Michaela A. Gabriel
Counting Losses
“It’s habitual: I count what I lost, not what I gained.”
Jayne Pupek, “Notes to Jackson”
I keep love letters under my childhood bed,
bundles of postcards – Saluti d’Italia,
the faces of friends pasted to creamy
album pages, like those of placid saints.
Thirteen baby teeth rattle in a tiny box.
In a carved jewellery case, placeholders
commemorate earrings lost in snowball fights
and making out – a gold star, a hot pink hoop.

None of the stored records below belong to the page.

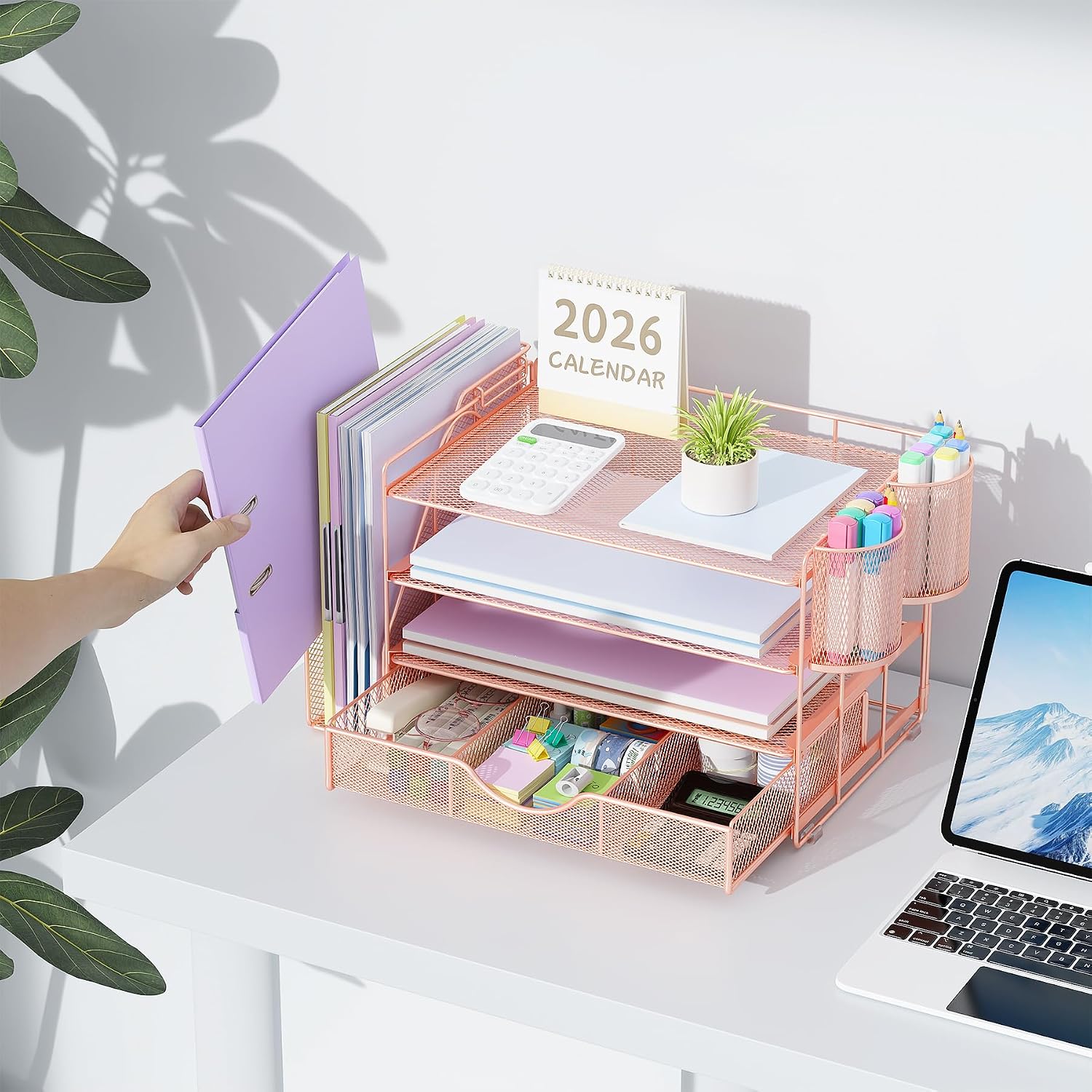 Thumbnail 5 de gianotter 4T-2 4-Tier Metal Desk Organizer with Drawer, Rose Gold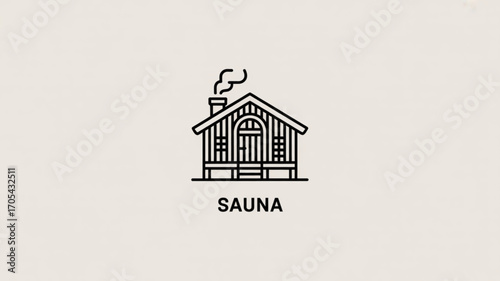 A minimalist line art illustration of a sauna house with smoke coming out of the chimney, , and the word sauna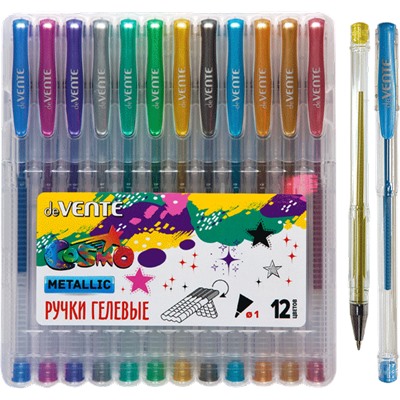 Набор ручек гелевых 12цв металлик "deVENTE. Cosmo Metallic" 1мм 5051047/Китай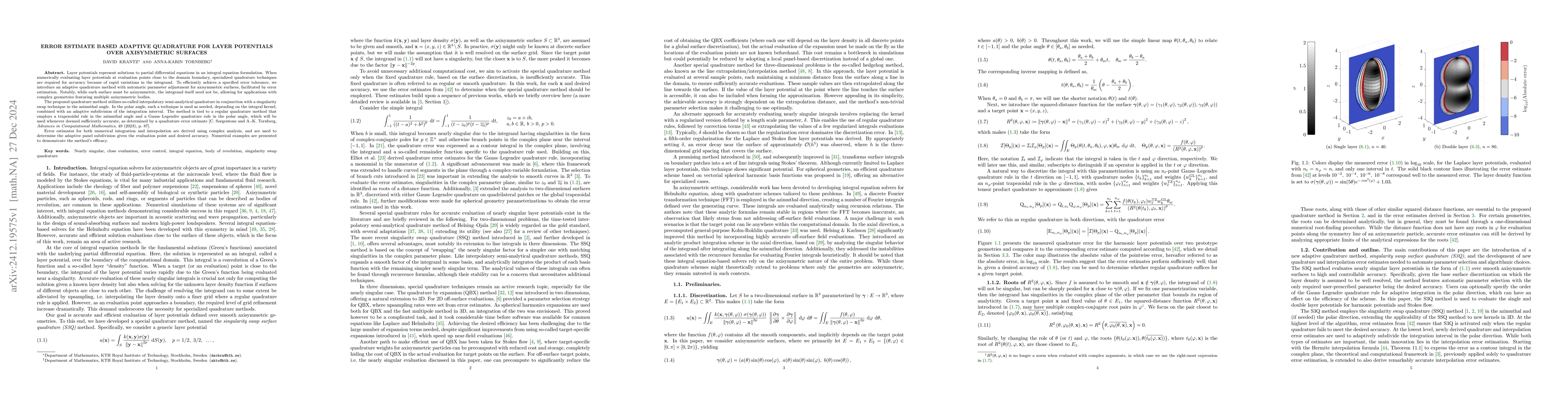 Thumbnail for Error estimate based adaptive quadrature for layer potentials over
  axisymmetric surfaces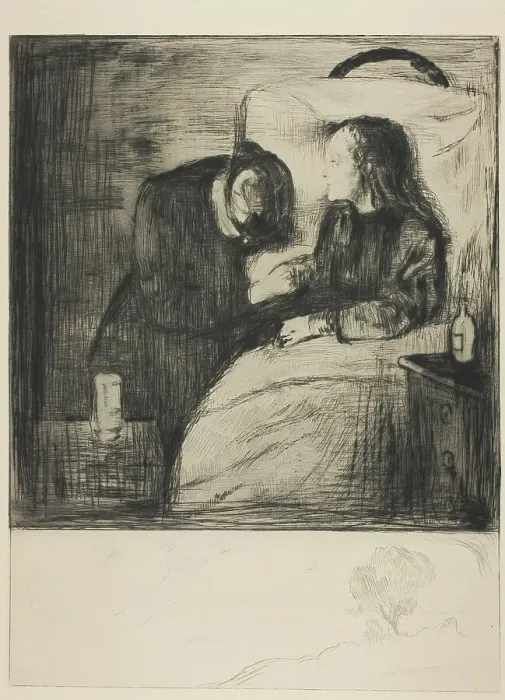 Framed Print : The Sick Child, 1894. Creator: Edvard Munch Framed Print : The Sick Child, 1894. Creator: Edvard Munch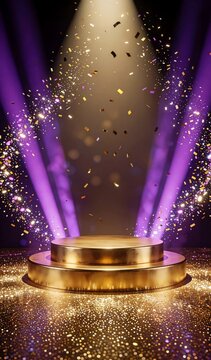 Golden Spotlight Stage with Confetti Shower and Glitter Background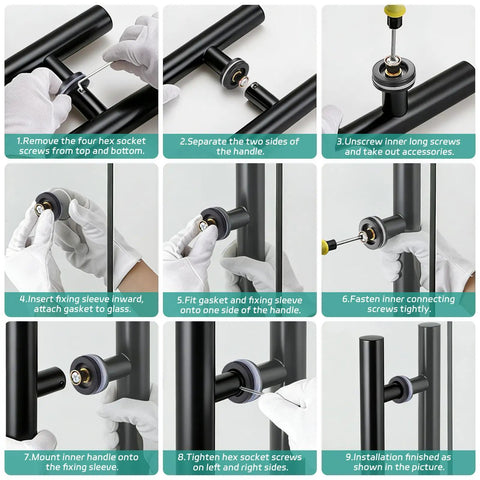 Matte Black Door Pull Handle Set For Glass And Wood Doors, 18 Inch, Double-Sided H-Type Grip With Smooth Round Tubes, Easy Push Or Pull, Perfect For Sliding Barn Doors, Shower Doors, Pantry Doors, Closets And Office Doors. Installation steps for matte black 18-inch double-sided handle on glass door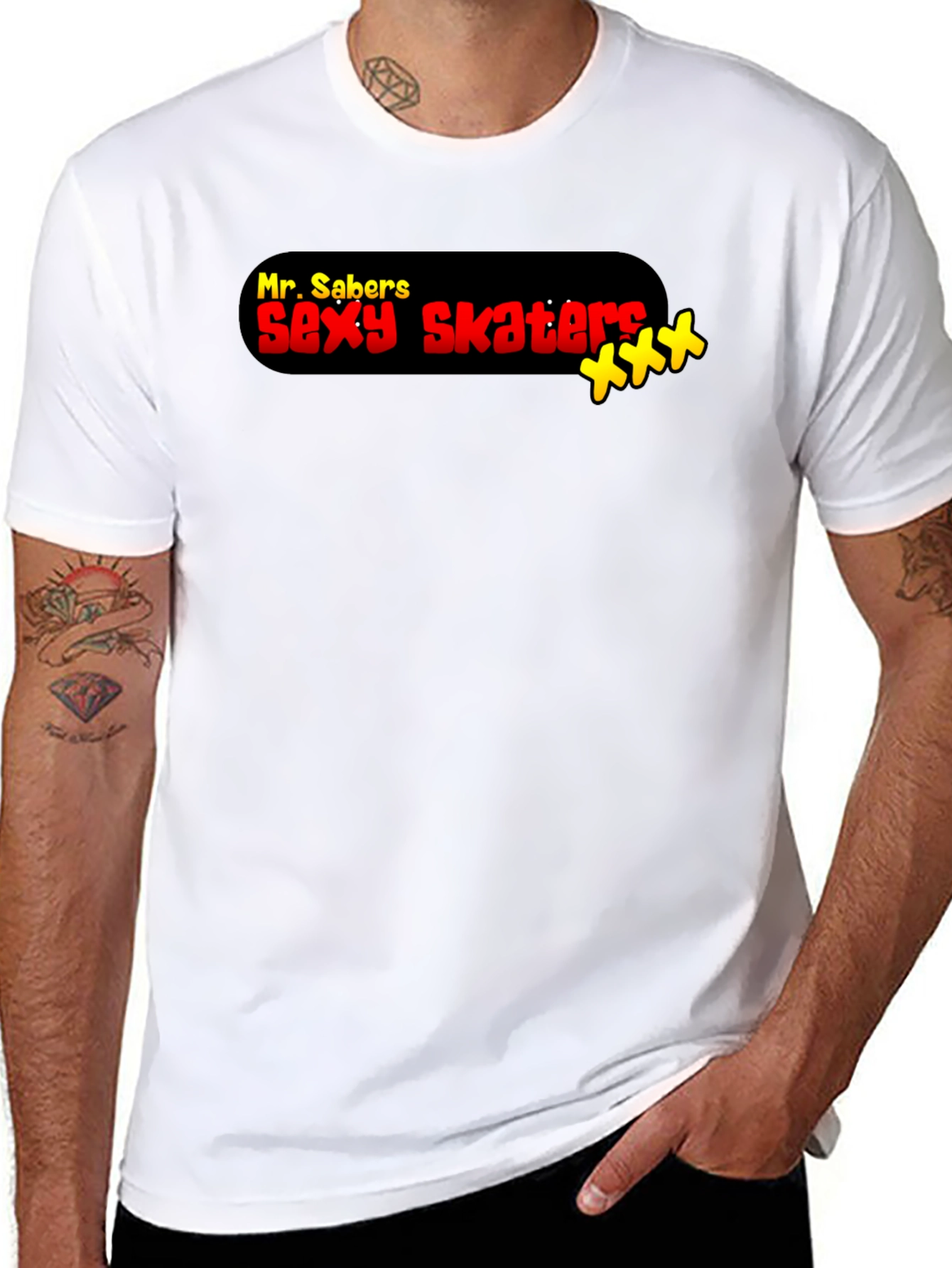 Mr. Sabers Sexy Skaters Black T-Shirt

Stumps of candles fill cardboard coffins
alongside matches, brittle and scorched,
not a spark left in them, just as there was
no spark left in those love affairs.
I count cracks in empty cassette cases,
name every song like a favourite daughter,
mark my palms with a black stroke
for each forgotten word, until my hands
are darker than midnight, darker
than the ravens that gathered
to stand guard when I woke in a body
that was, once again, mine alone.
I cradle the dead bodies of ants,
remembering slices of apples and cake
in a kitchen that smelled of sex and
flat champagne, a kitchen where,
years later, I spilled a bottle of milk
and crouched by the puddle for hours,
sobbing like a child. I keep the shards,
sharp as blades, in a wicker basket.
Oh the heads they’ve severed!
How they rolled, how each swift cut
left me with another rose stem
flaunting its innocuous thorns.
Michaela A. Gabriel lives in Vienna, Austria, where she teaches English to adults and occasionally does translation work. She has been widely published both online and in print, has recently overcome a very stubborn spell of writer’s block and is now trying to finish her full-length collection, elemental.